Opinions on changing rules, changing best practices, and their effect on investor relations officers.

Wednesday, April 06, 2005

What to disclose?

Deciding on whether something is price sensitive and needs to be disclosed through the regulatory channels lies at the heart of the IRO’s task. Unlike many other markets, the UK has no specific ‘materiality tests’ – there are no thresholds of the likely impact on the share price, and no case law that defines what a company should disclose.

Rather, the requirements to disclose are explained in a scattered series of documents. These tell IRO’s the structure against which they should decide whether to disclose information, but as in other other regimes, ultimately, the IRO is the final arbiter.
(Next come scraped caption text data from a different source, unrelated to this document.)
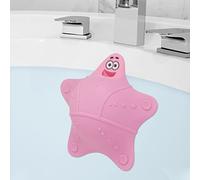 Tapa de Desagüe Rebosadero de Bañera, Accesorios de Baño, Tpón de Desagüe de Bañera Empapado en Silicona con 5 Ventosas, Mayor Volumen de Agua, Baño Más Profundo, Bonito Tapón de Bañera (Rosa)
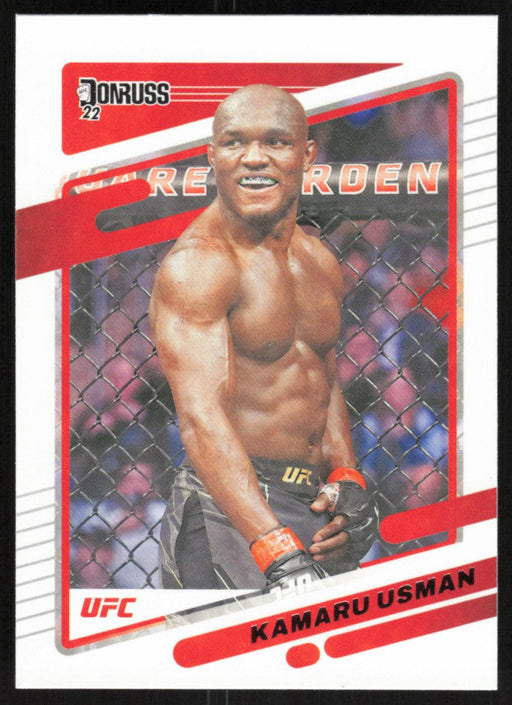 Kamaru Usman 2022 Panini Donruss UFC Base # 72 Welterweight - Collectible Craze America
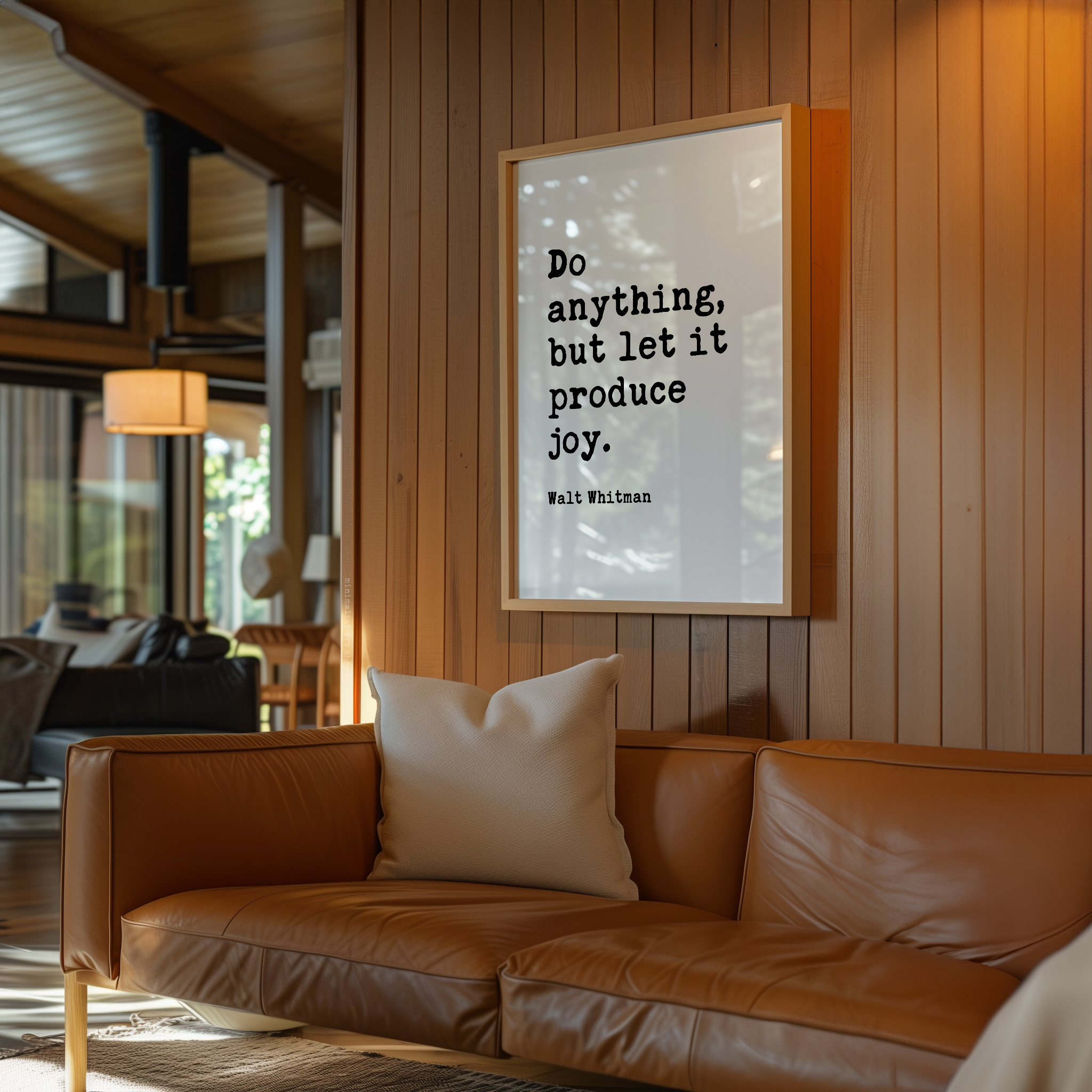 Walt Whitman Quote Print, Do Anything But Let It Produce Joy Wall Art, Inspirational Typography Decor - Image 7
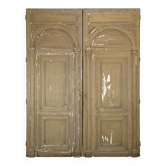Pair of wooden doors from the late 19th century.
At the heart of the regulations are The Listing Rules, which defines in general terms what a company should disclose to the market. The Listing Rules are published and overseen by the Financial Services Authority, and include the the general obligation to disclose without delay where there have been “major new developments which may be price sensitive to its own shares” (my italics) .

To help IRO’s decide whether something is price sensitive, the FSA publishes its ‘PSI Guide’, which notes that factors influencing the price sensitivity of an item of information will vary widely across companies, and include the company’s size, developments in the recent past, activity in the sector etc. It also notes that a percentage movement in profits may be more significant for a company with a larger market cap.